→ Exercise instructions
Return the data below exactly, please, but drop the pictures.

========================================

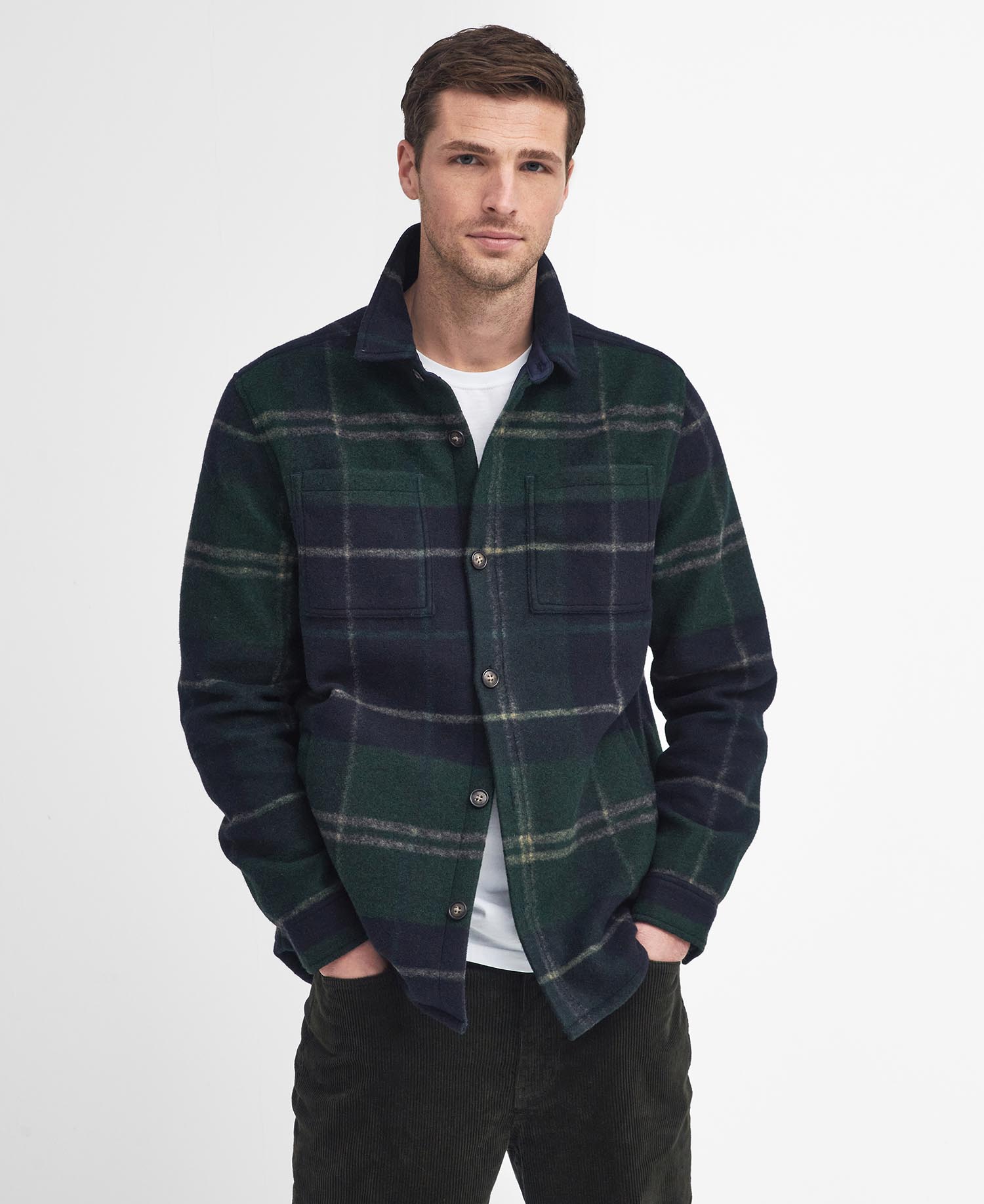 Overshirt Chapter a quadri image number 0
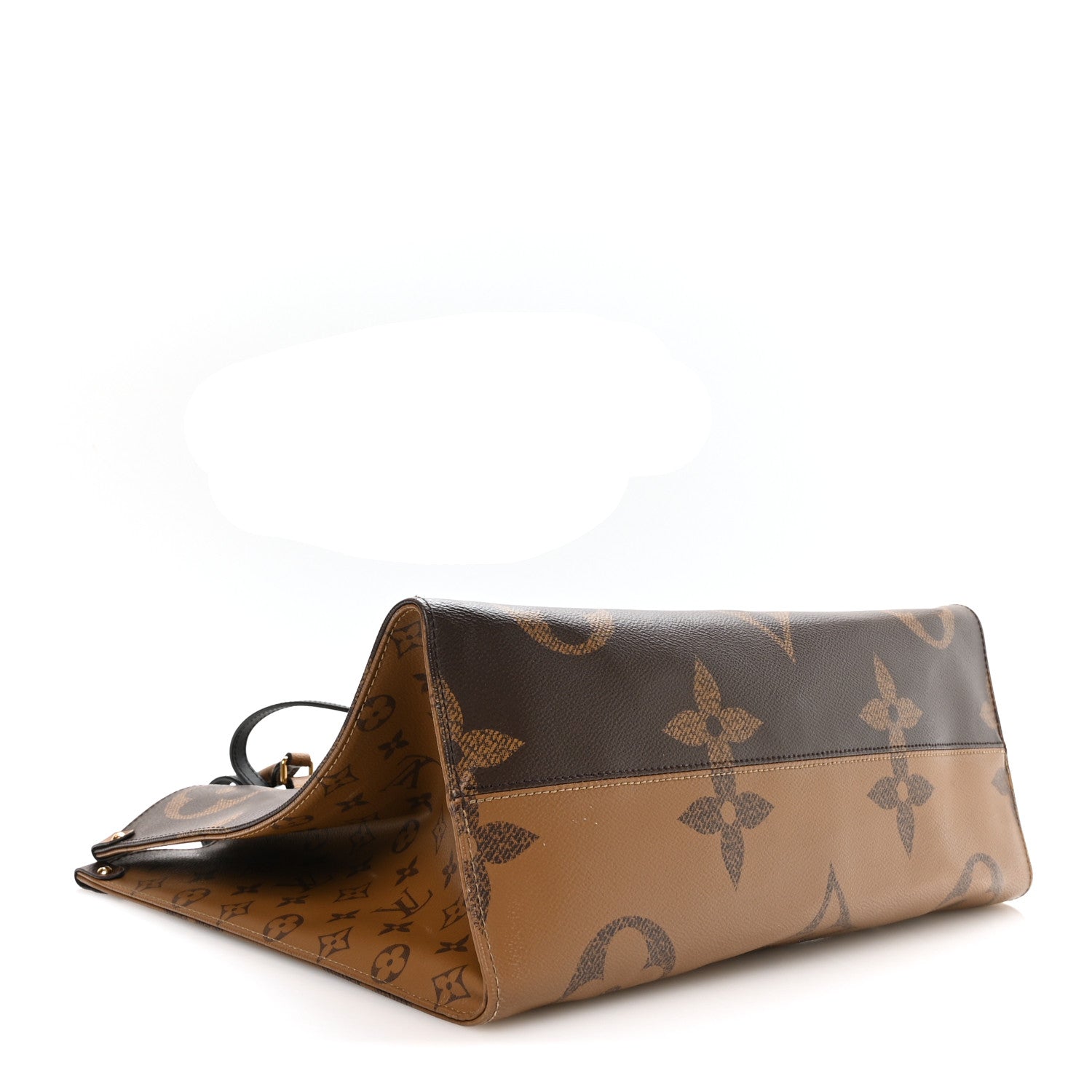 Louis Vuitton Reverse Monogram Giant Onthego MM 4 of 12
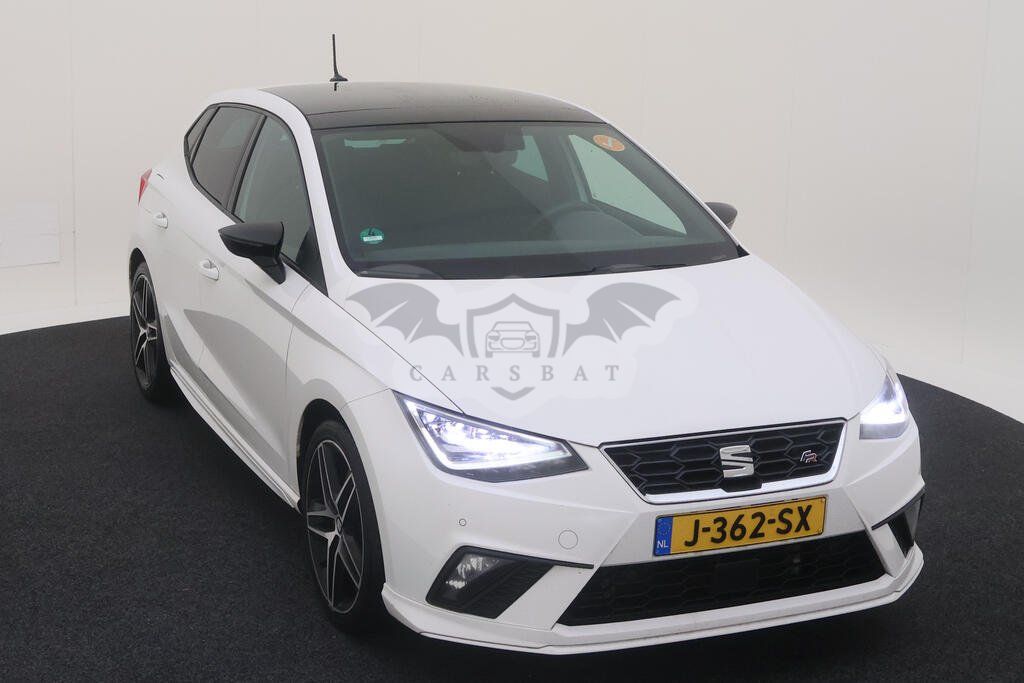 Seat Ibiza 1.0 TSI FR Business Intense 2020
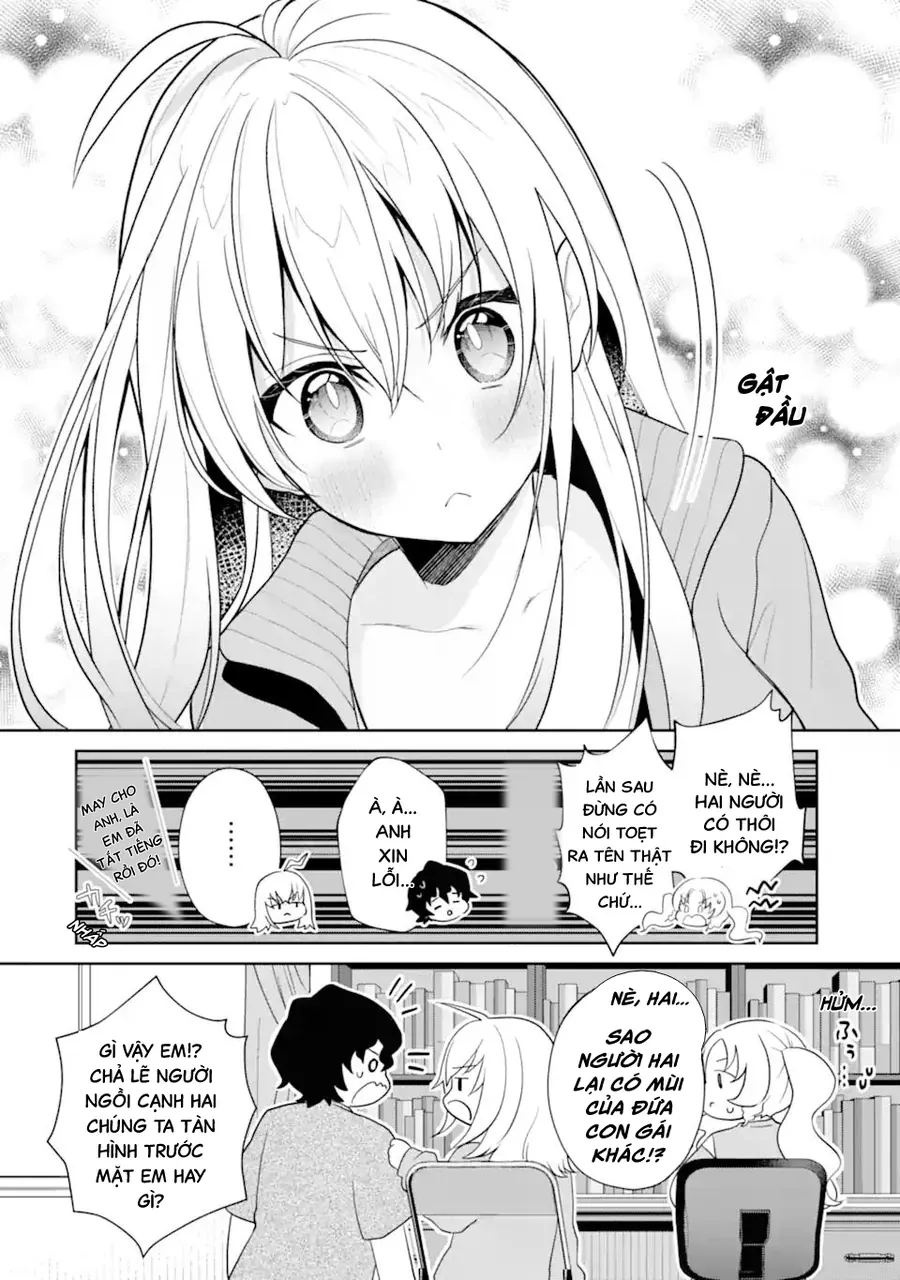 Yuumei Vtuber No Ani Dakedo, Nazeka Ore Ga Yuumei Ni Natteita Chapter 9 - Trang 22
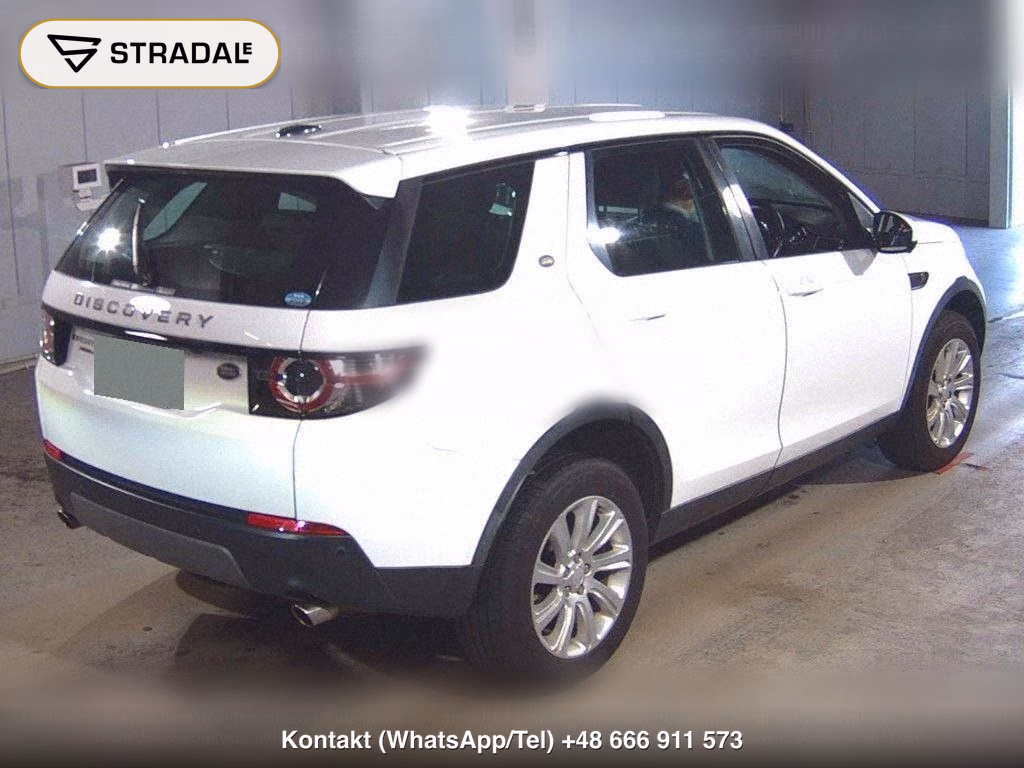 LAND ROVER DISCOVERY SPORT 4WD SE, miniaturka 6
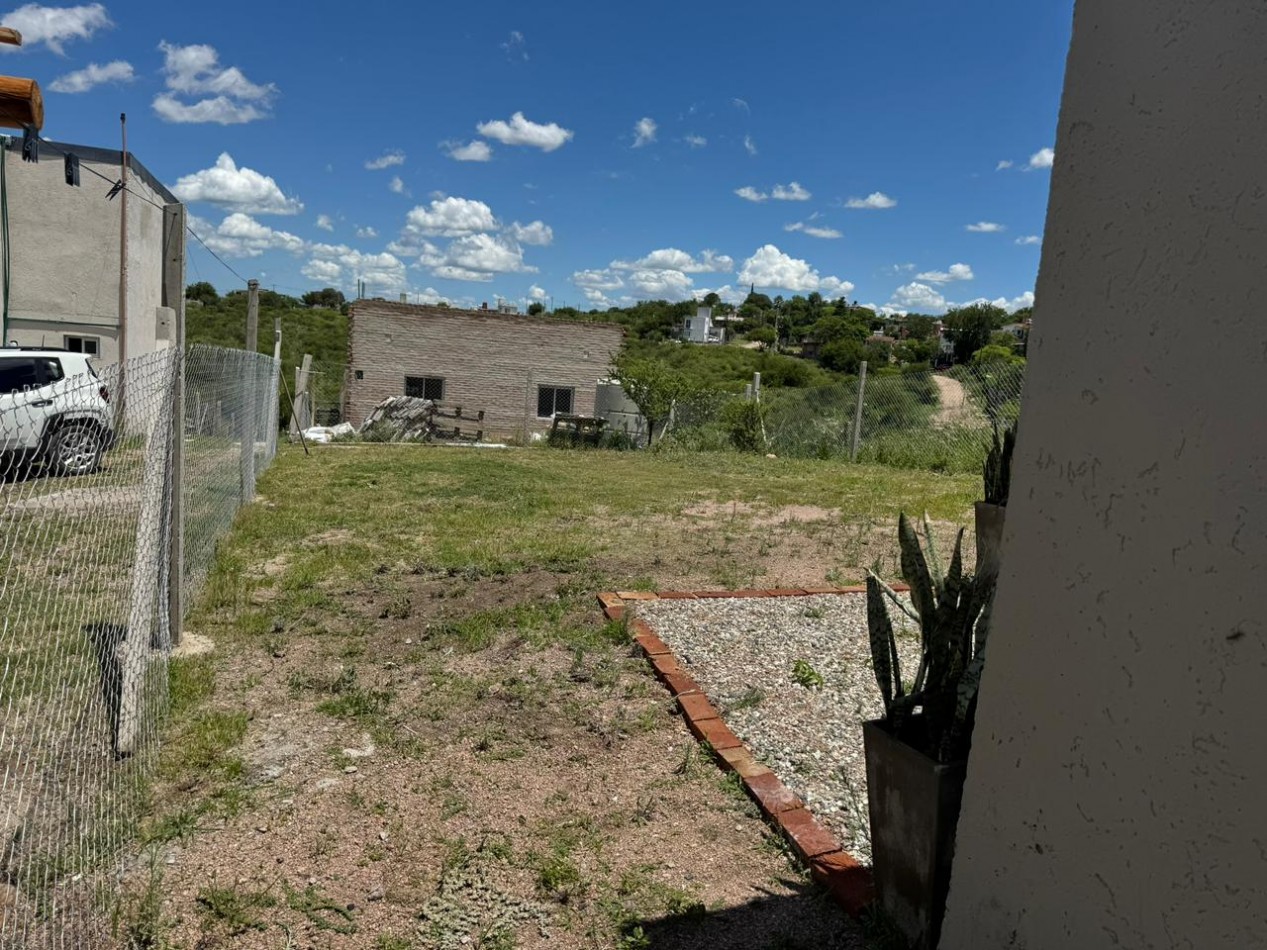 ¡Casa a estrenar en las sierras de Cordoba!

========================================

→ Response
 Overshirt Chapter a quadri image number 0
 Louis Vuitton Reverse Monogram Giant Onthego MM 4 of 12
 Seat Ibiza 1.0 TSI FR Business Intense 2020
 Yuumei Vtuber No Ani Dakedo, Nazeka Ore Ga Yuumei Ni Natteita Chapter 9 - Trang 22
 LAND ROVER DISCOVERY SPORT 4WD SE, miniaturka 6
 ¡Casa a estrenar en las sierras de Cordoba!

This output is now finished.